November 10, 2003

how unwise do you have to get before you get kicked out?

Donna Awatere Huata is either very stupid of very smart, and I can't quite figure out which. I'd guess smart, in a pinch. But more passionate than smart in the end. I sincerely doubt it will ever be clear about whether she was using the Pipi Foundation as a cash cow, or whether she just thought the 4 minute reading programme was fantastic. Either way, consistently putting pressure upon officials is a course of action that is somewhat dodgy at the best of times.
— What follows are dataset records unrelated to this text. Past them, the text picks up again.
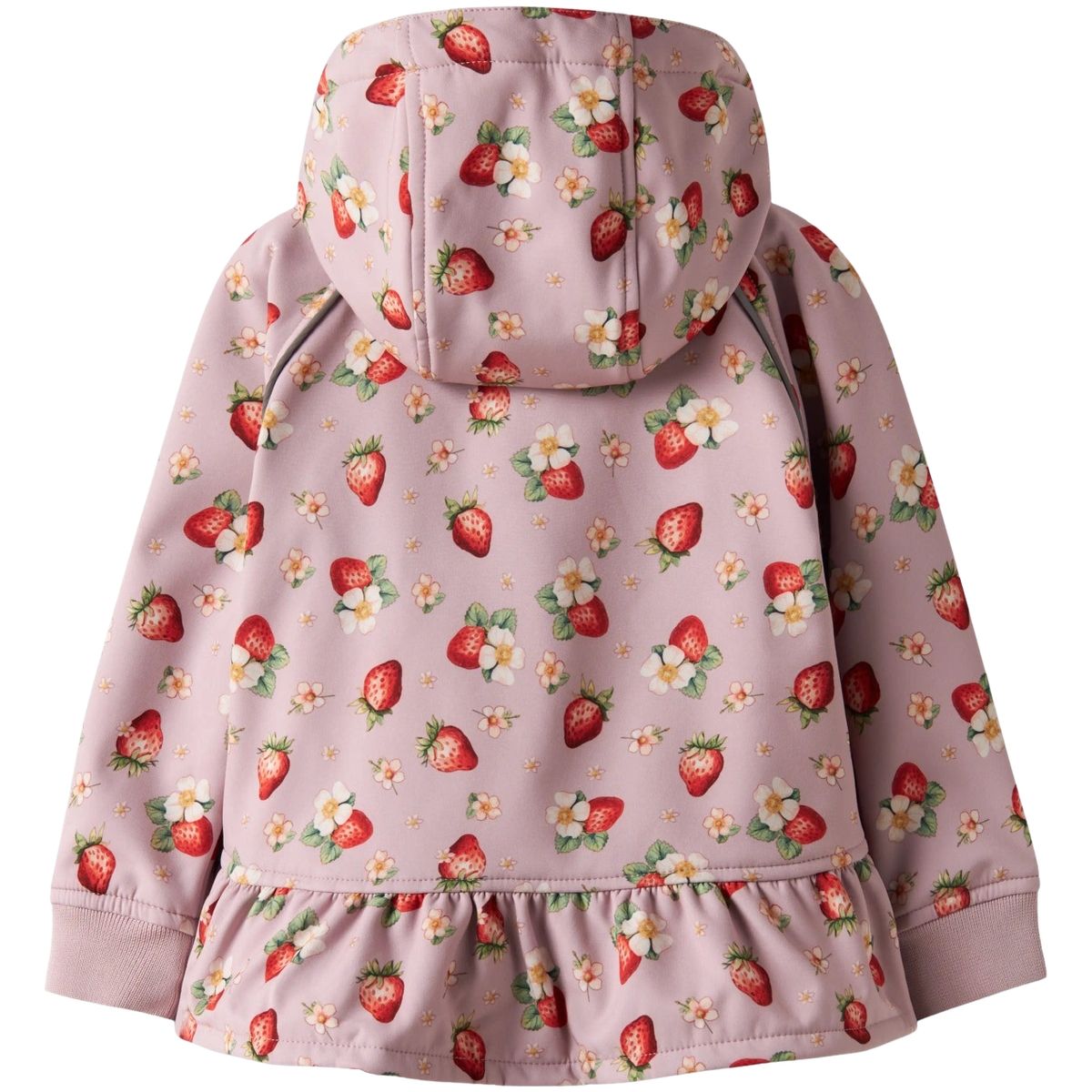 Name It Nmfalfa08 softshelljakke til småbarn, Keepsake Lilac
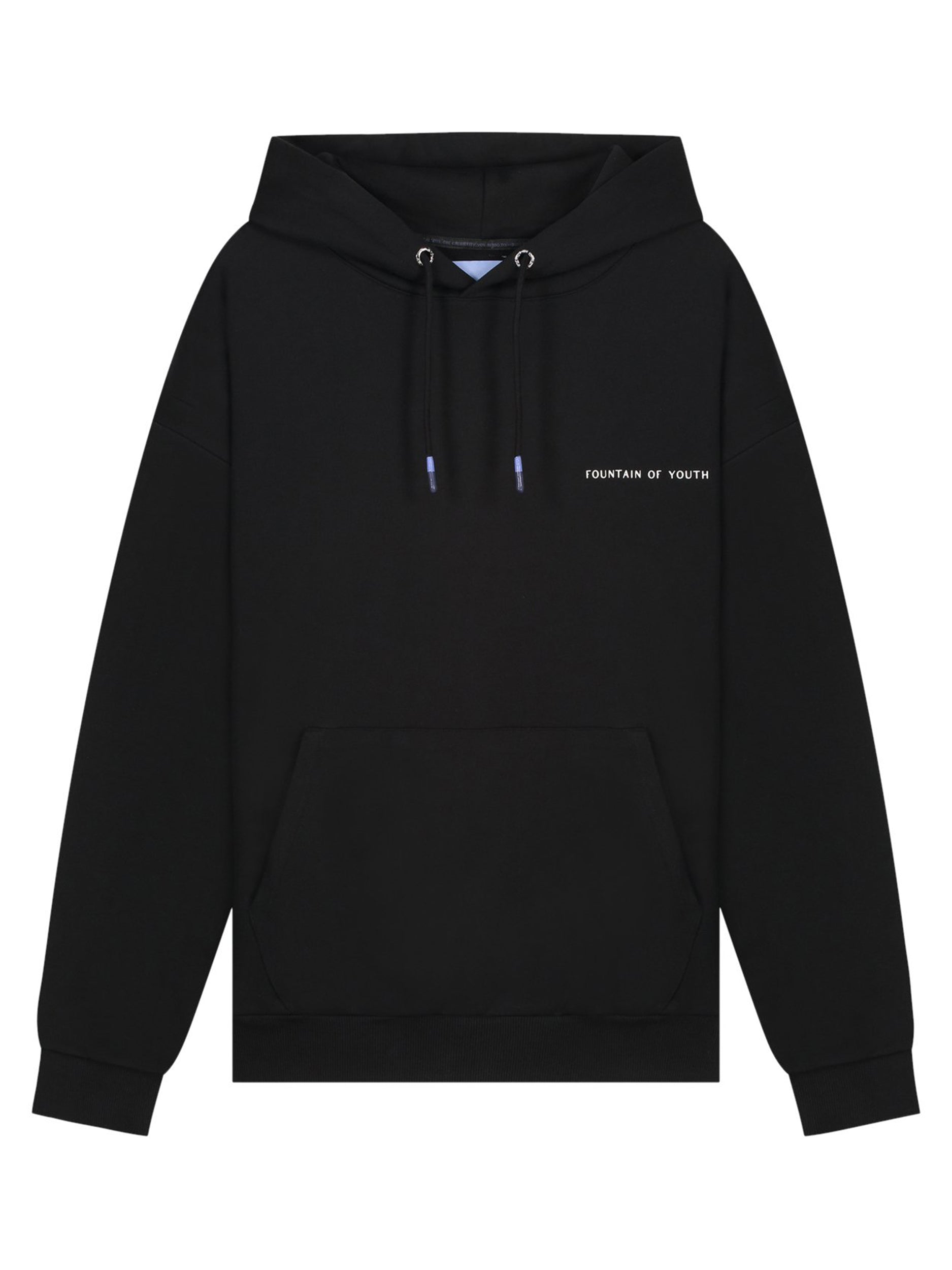 FOY BASE HOODIE | BLACK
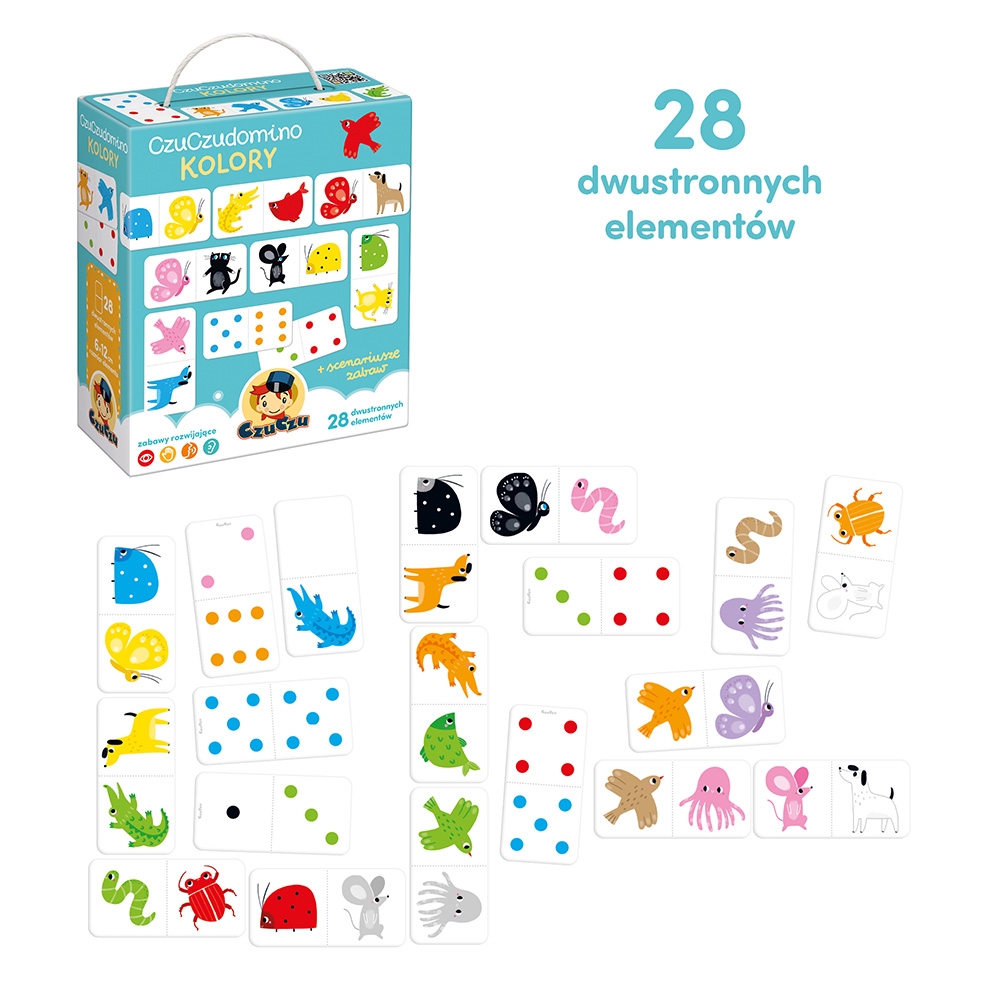 CZUCZU DOMINO KOLORY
Doing so when you (or your close family) can benefit from the money is foolhardy in the extreme.

Interestingly though, a Minister of the Crown managed to get away with actions that were deemed "very unwise". I can't for the life of me remember (and I also can't find it on the internet *anywhere*) what the exact details were, but a Minister in Muldoon's government got himself involved in an application for a loan by his neice. The quote was that his actions were "very unwise", but not actually illegal.

Donna appears to me to be in a similar soup. Perhaps husbands are that much closer than nieces, and a one-off use of Ministerial influence is less effecting than consistent MP pressure. Either way, the Auditor General's report reads to me like somewhere between "very unwise" and "extremely unwise". But certainly comes short of declaring anything illegal. The question I'm left with is whether a smart lady like Donna is capable of being that unwise, or whether she broke the rules intentionally. At the very least, she seems to have completed some very acrobatic double-think to justify her behaviour to herself.

Perhaps the most concerning thing was the ineptness of Government Departments in their contract management. While the old public service was somewhat unresponsive, at least they kept records of everything and knew exactly which pencils were being used where. Perhaps it is just the problems attendant on any new system, or maybe it is just MoE and TPK that are not coping. But I worry that the dismantling of the Massey-reform based public service has opened new gaps for corruption. New Zealand can't afford that.

Lastly, Wellington is a tiny place, and New Zealand isn't much bigger. Regardless of what Mr and Mrs Huata have been up to, there must be many, many other liasons between MPs and the people/organisations they ernestly champion.